### Task requirements
Under this line are the records; repeat exactly the lines starting at the one containing "Hey, this is" and ending at the one containing "You can exit", omitting pictures.

Saved data entries
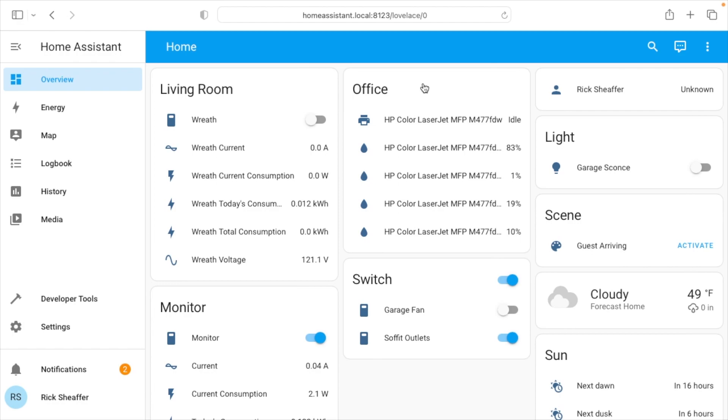As you can see, setting up Wemo and Home Assistant is super easy. That's all I'm going to cover in this video. If you have any questions, please leave them in the comments. If you like this video, please click like. If you haven't subscribed to my channel, I'd appreciate it if you could do that. Thanks for watching. Until next time, goodbye.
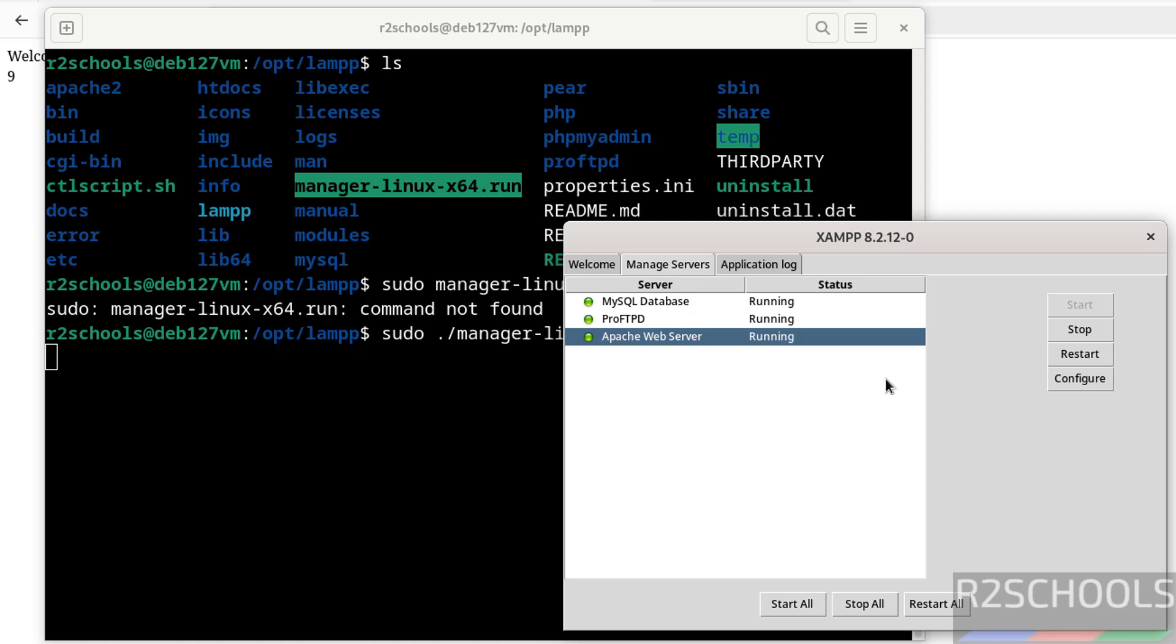We got the XAMPP control panel. Go to Manage Servers - here we have all the options. So in this video we have seen how to install and configure XAMPP 8.2 on Debian operating systems. For more XAMPP or Apache tutorials, please subscribe to my channel.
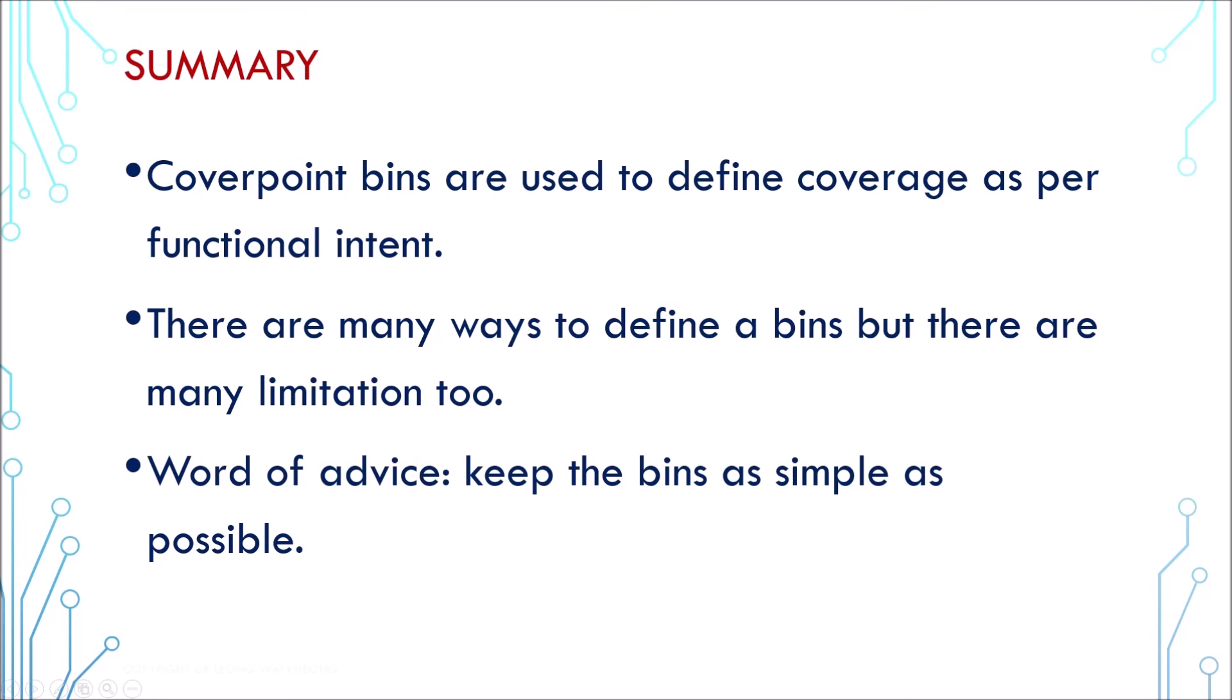Alright, today we've learned about creating user-defined bins. There are many ways to achieve that. I would advise to keep the bins as simple as possible. In the next tutorial, we'll be talking about interface.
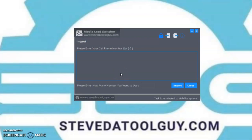Hey, this is Steve the Tool Guy. I want to thank you again for coming out to this video. This is the Media Lead Switcher, aka Mobile Carrier Lookup Software — the software that converts leads, cell phone leads, into a carrier lookup, to a mobile carrier email address.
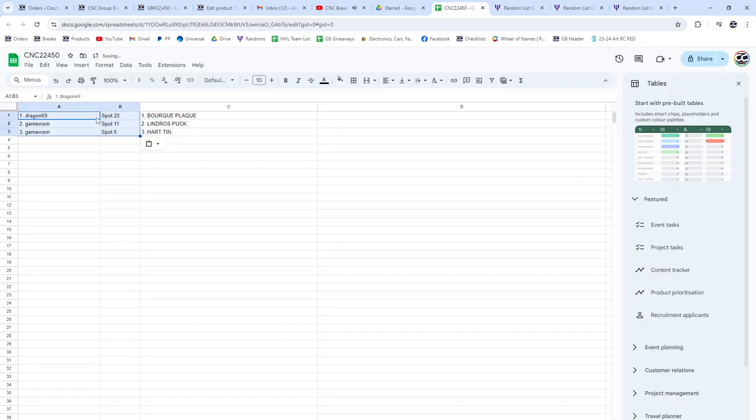All right. Dragon 69 wins the Bourque plaque, and Game Warren gets both the Lindros puck and the Carter Hart tin.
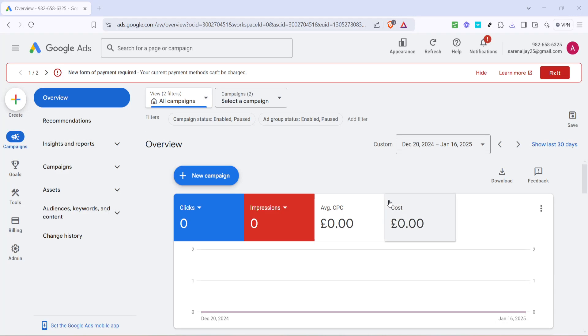In today's video, I'm going to teach you how to update your payment method from automatic to manual payment in Google Ads.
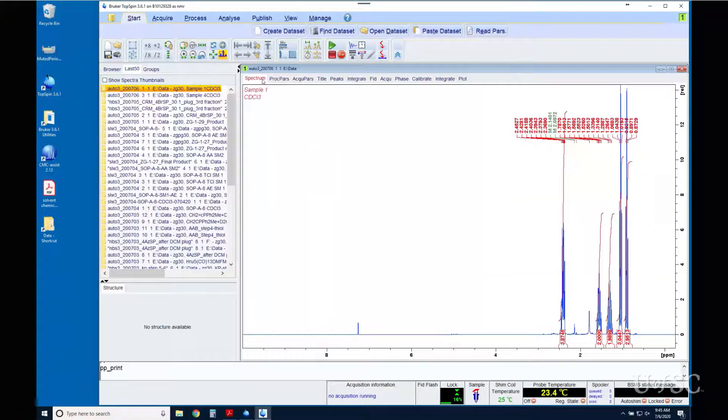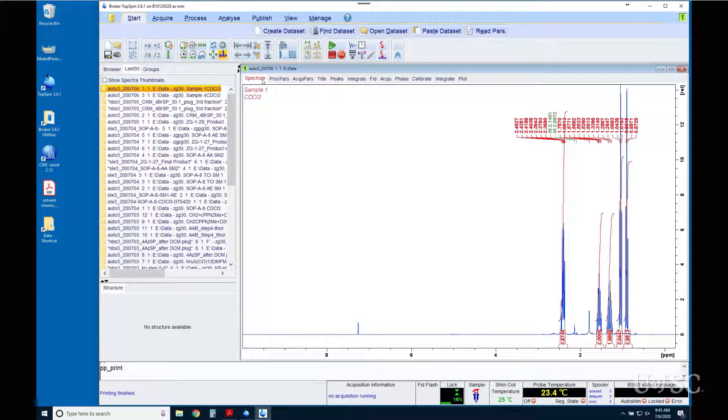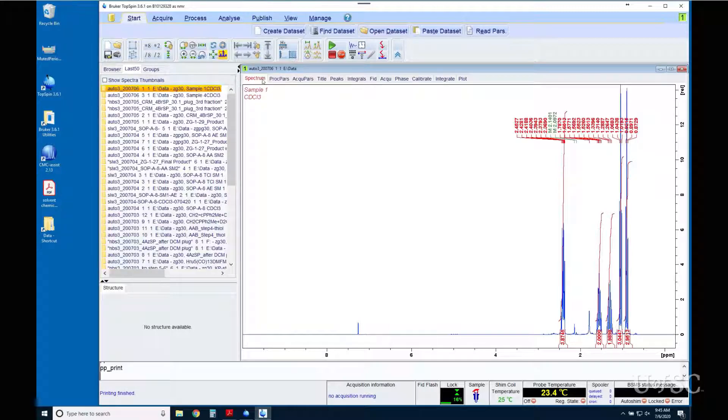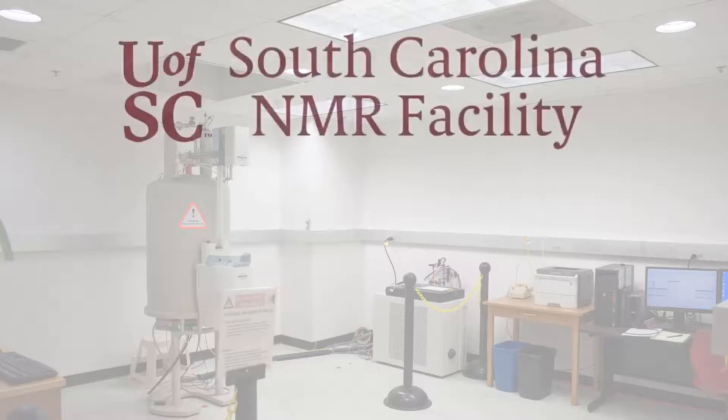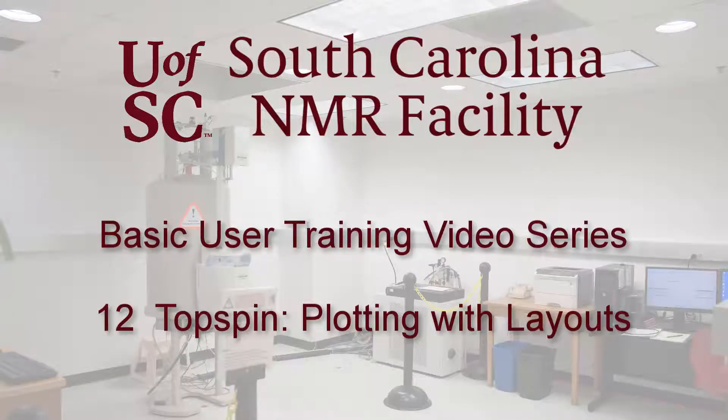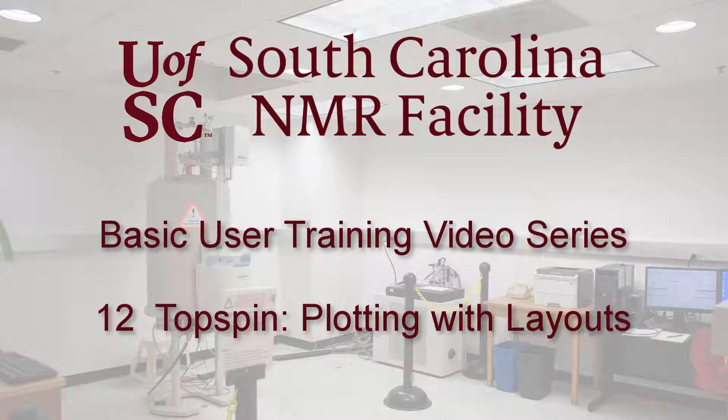You can exit the plot editor by clicking on the spectrum tab. This is how you plot with the predefined layouts. If you need more customized output or electronic image files of spectra please see the staff for help. Thanks for watching.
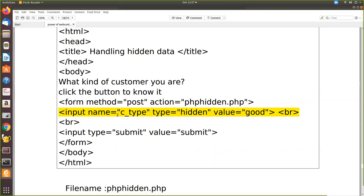So the name here we have given some variable name and type equal to hidden. So once you have given this, this control will not be visible. So value equal to good. Only the submit button is visible.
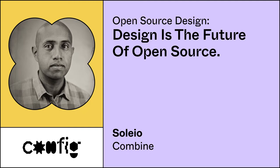We're not going to talk about design systems anymore. We're going to talk about open source. Let's kick it off with design is the future of open source.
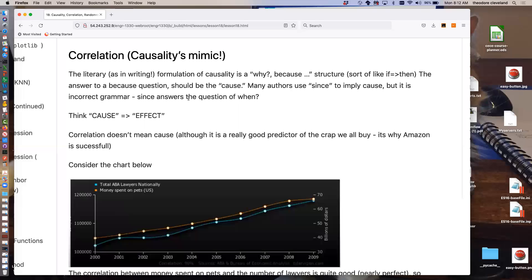Here's how you can tell if you're discussing causality: if you use the literary construct of 'why... because,' that is causation — sort of like 'if, then.' A lot of people use the word 'since' when they mean 'because,' but since always deals with time. 'Since I didn't pay you last week, you're now taking my house' is correct use of 'since.' 'Because you didn't pay me, you're not getting your car back' — that is cause and effect.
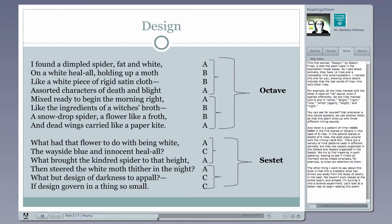There's a pattern of rhyme, A-B-B-A, A-B-B-A in the first stanza, or octave in this case of eight lines. In the second stanza, or sestet of six lines, the poet plays around with the rhyming, so that the pattern is more like A-C-A-A-C-C. There are a variety of rhyme patterns used in different sonnets, but they're usually organized in the octave and loosely organized in the sestet. We try to find meaning in such patterns, looking to see if rhymed words create emphasis to draw our attention to them.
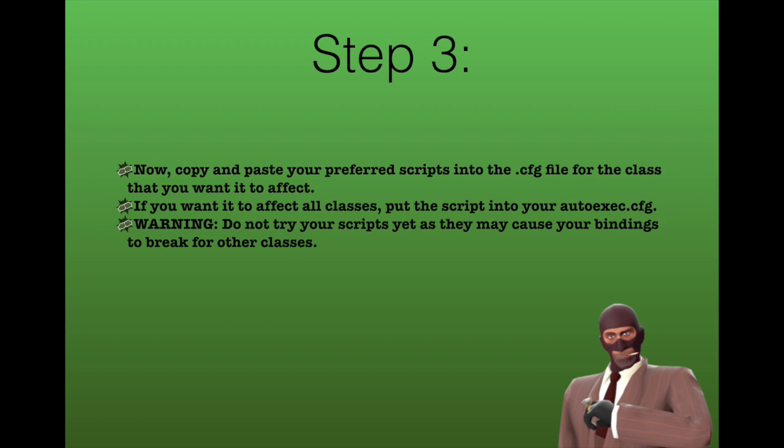Step 3, now copy and paste your preferred scripts into the .cfg file for the class that you want it to affect. If you want it to affect all classes, put the script into your autoexec.cfg. Warning, do not try to use your scripts yet because they may cause your bindings to break for other classes.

### Your response
Hey, this is Steve the Tool Guy. I want to thank you again for coming out to this video. This is the Media Lead Switcher, aka Mobile Carrier Lookup Software — the software that converts leads, cell phone leads, into a carrier lookup, to a mobile carrier email address.
All right. Dragon 69 wins the Bourque plaque, and Game Warren gets both the Lindros puck and the Carter Hart tin.
In today's video, I'm going to teach you how to update your payment method from automatic to manual payment in Google Ads.
You can exit the plot editor by clicking on the spectrum tab. This is how you plot with the predefined layouts. If you need more customized output or electronic image files of spectra please see the staff for help. Thanks for watching.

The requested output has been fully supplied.